*Information supplied*:
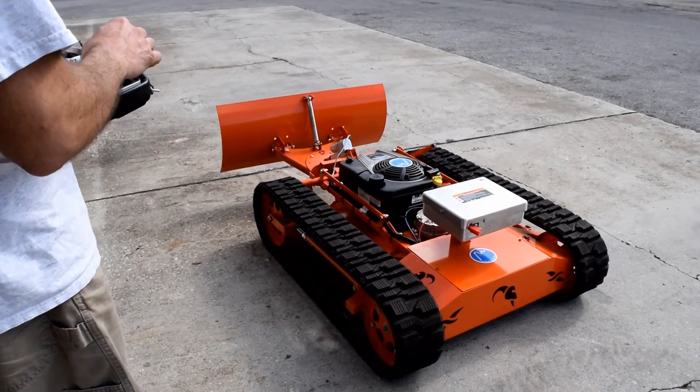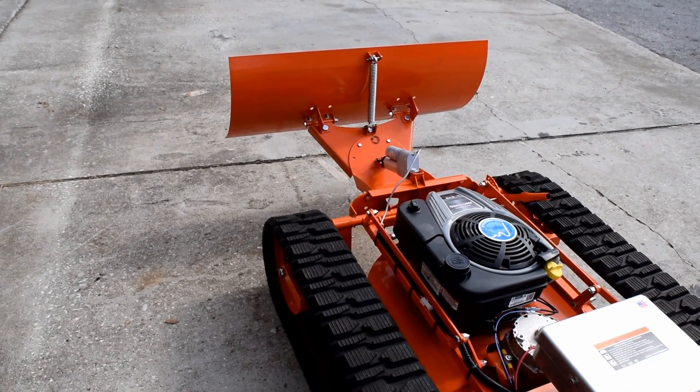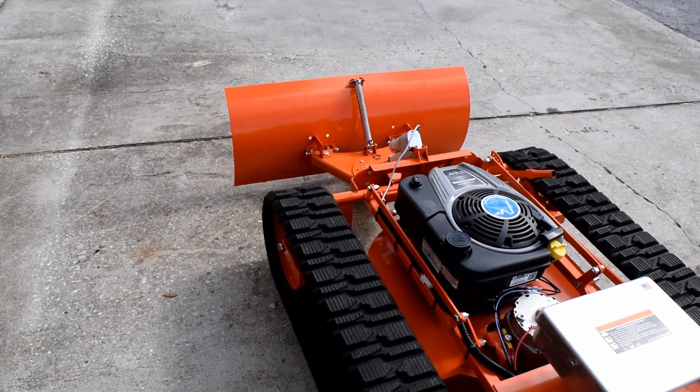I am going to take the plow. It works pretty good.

...

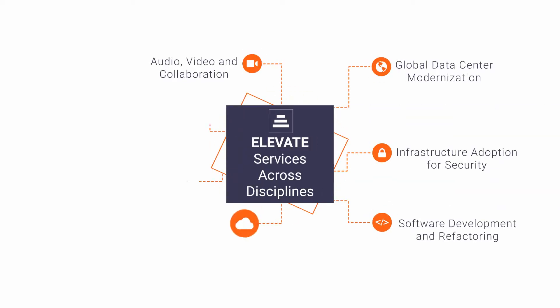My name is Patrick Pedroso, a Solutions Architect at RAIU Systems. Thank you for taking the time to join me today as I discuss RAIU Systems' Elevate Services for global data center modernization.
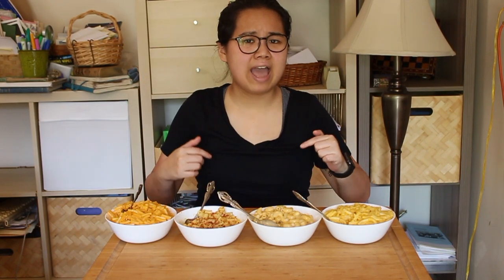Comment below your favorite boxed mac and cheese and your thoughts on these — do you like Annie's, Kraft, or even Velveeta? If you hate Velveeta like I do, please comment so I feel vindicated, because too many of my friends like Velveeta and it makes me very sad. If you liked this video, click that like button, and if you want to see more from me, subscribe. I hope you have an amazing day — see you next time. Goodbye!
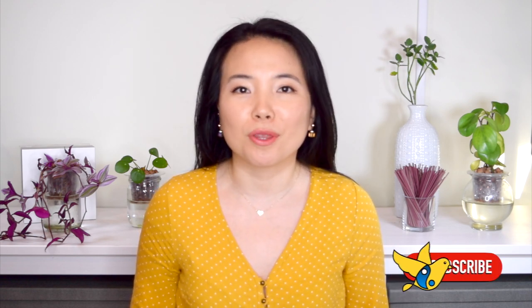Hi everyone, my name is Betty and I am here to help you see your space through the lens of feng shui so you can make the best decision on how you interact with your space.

*Your instructions*: Reproduce the data above exactly, but only the lines from the one showing "Comment below your" through the one showing "Hi everyone, my", with both ends kept and the pictures left out.

*Exercise output*:
Comment below your favorite boxed mac and cheese and your thoughts on these — do you like Annie's, Kraft, or even Velveeta? If you hate Velveeta like I do, please comment so I feel vindicated, because too many of my friends like Velveeta and it makes me very sad. If you liked this video, click that like button, and if you want to see more from me, subscribe. I hope you have an amazing day — see you next time. Goodbye!
Hi everyone, my name is Betty and I am here to help you see your space through the lens of feng shui so you can make the best decision on how you interact with your space.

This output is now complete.